Его дочь Антигону играет Юлия Высоцкая. Угловатый подросток в рваных штанах, то ли Том Сойер, то ли Гекльберри Финн, то ли чадо из «Отеля «У погибшего альпиниста» Стругацких. Ее показная бравада обиженной девчонки, растущей на улице и отчаянно защищающей собственное достоинство даже тогда, когда никто на него не покушается, трогает до слез.
Сложный момент этой роли – акцент играющей на итальянском языке Высоцкой, но с первых же реплик трагедии он счастливо рифмуется с текстом. Постоянно упоминаемые в трагедии чужестранцы имеют право на акцент, тем более он может быть у девочки, выросшей в бесконечных скитаниях со слепым отцом, со всеми атрибутами отверженных, традиционно чужеродных благополучному европейскому бытию. И поэтому постепенно акцент становится такой же деталью жизни этой маленькой кочующей семьи, как и тележка из супермаркета, грязные тряпки, мятые пакеты и рваные на коленях штаны. Все это, взятое вместе, настолько правдиво, что сидящие в первых рядах партера невольно сжимают в руках носовые платочки, готовясь защититься от неизбежных «бомжатских» запахов. Один из лучших визуальных моментов спектакля – Эдип, разматывающий невесть откуда взявшиеся у древнегреческого царя портянки. Впрочем, можно сказать и по-другому: ловкость, с которой итальянский актер, никогда не бывавший в России, не служивший в армии, разматывает и заматывает портянки, неизбежно остается в памяти.
Один раз использовав в качестве протагониста актера «в теле» Федерико Ванни, Кончаловский, как кажется, увлекся характерной пластикой крупных, подвижных мужчин. И в этот раз в пару с Ванни поставил еще более объемного Тезея – Симоне Тоффанин.
Джузеппе Бизоньо в роли Креонта, появляющийся со своими странноватыми собачками (собачки – это все тот же хор, конечно), – еще один момент, который просится в стоп-кадр: страшная белая маска, совершенно безумное лицо и вполне узнаваемые актеры хора, затянутые для этой сцены в кожу и намордники, напоминающие скорее о секс-шопе, чем о собаках.
Хор – это отдельный маленький шедевр спектакля, его ключевая метафора – на сей раз народ.

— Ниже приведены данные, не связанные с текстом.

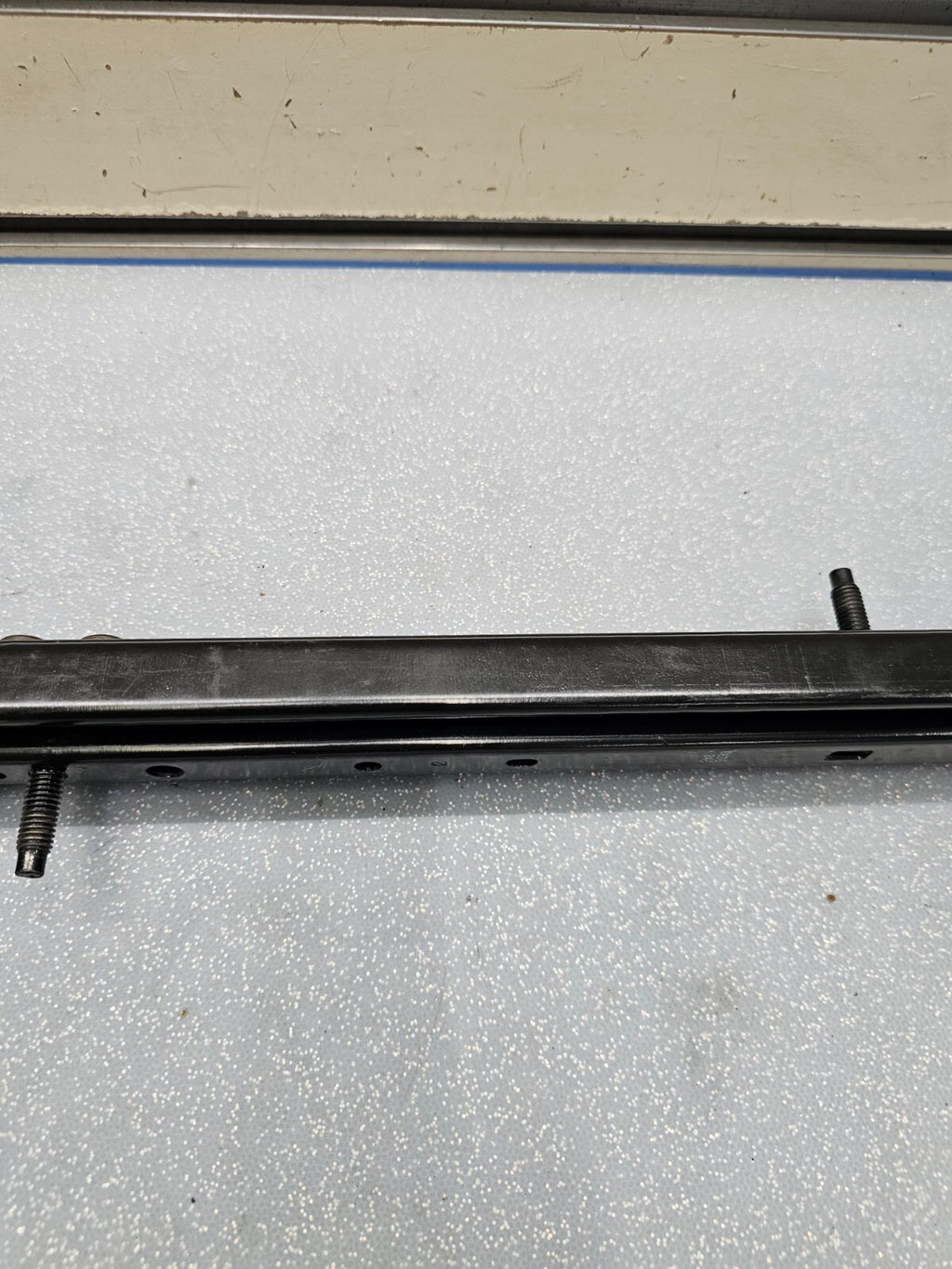06-08 Dodge Ram 1500 2500 Left Driver Seat Track Adjuster Left Sliding Rail OEM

Некая группа без лиц в условных греческих хитонах (костюмы Тамары Эшбы достойны отдельного упоминания) легко может представить общественное мнение как таковое – они легко ужасаются, легко негодуют, легко идут в услужение негодяям, легко сочувствуют героям. Они накатывают на сцену, как прибой, и отступают, оставляя после себя измочаленные о камни судьбы героев.
А вокруг всего этого высится античный город, уходящий вдаль, и купол его разрисованного неба трещит под тяжестью веков.
Главное достоинство спектакля «Эдип в Колоне», поставленного Андреем Кончаловским в театре «Олимпико», – показ древнегреческой трагедии во всей ее архаичной мощи, рассказ сценическим языком о Роке, о Фатуме, о том, как современная европейская цивилизация стремится уверить сама себя, что все в этом мире может быть просчитано и гарантировано.